====== Information

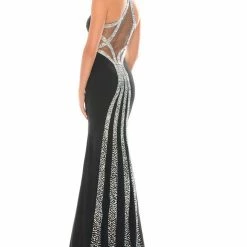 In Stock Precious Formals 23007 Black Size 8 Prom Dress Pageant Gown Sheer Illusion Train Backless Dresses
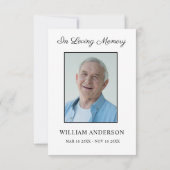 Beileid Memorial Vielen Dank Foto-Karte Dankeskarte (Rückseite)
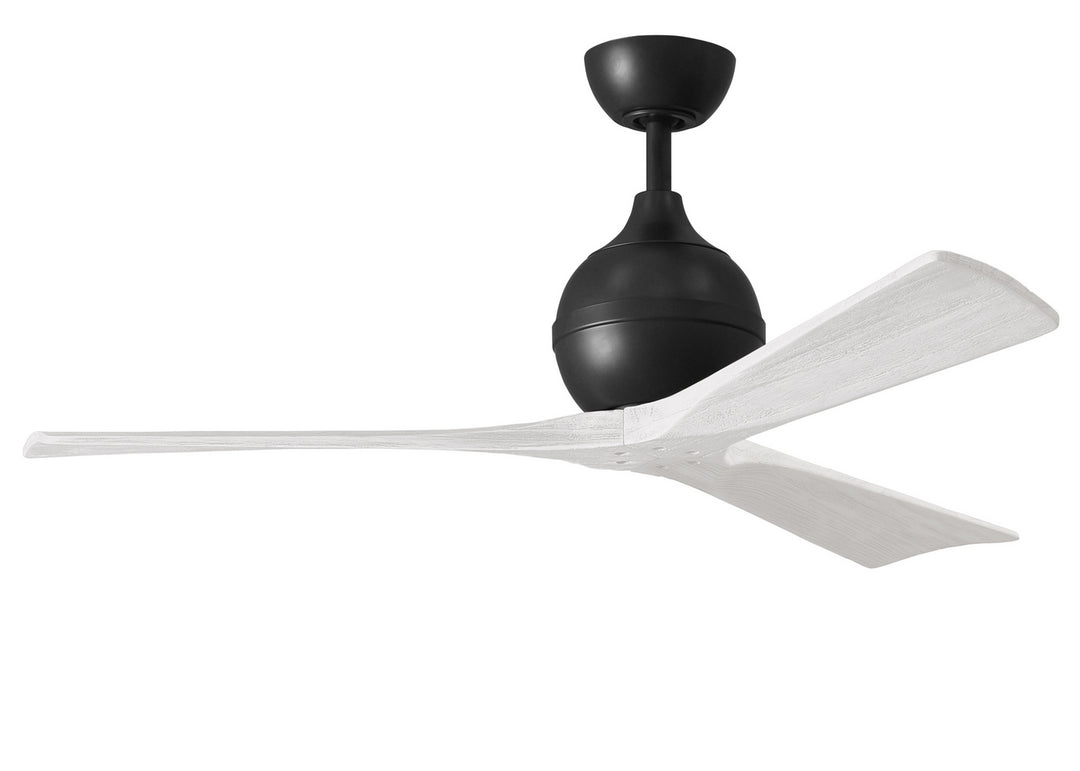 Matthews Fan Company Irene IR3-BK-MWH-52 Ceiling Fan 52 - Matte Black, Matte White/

============
====== Information

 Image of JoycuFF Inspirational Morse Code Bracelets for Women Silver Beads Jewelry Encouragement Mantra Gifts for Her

============

Leave the pictures out, and transcribe exactly the lines above starting at the one that contains "In Stock Precious" and ending at the one that contains "Matthews Fan Company".

§ Solution
 In Stock Precious Formals 23007 Black Size 8 Prom Dress Pageant Gown Sheer Illusion Train Backless Dresses
 Beileid Memorial Vielen Dank Foto-Karte Dankeskarte (Rückseite)
 Matthews Fan Company Irene IR3-BK-MWH-52 Ceiling Fan 52 - Matte Black, Matte White/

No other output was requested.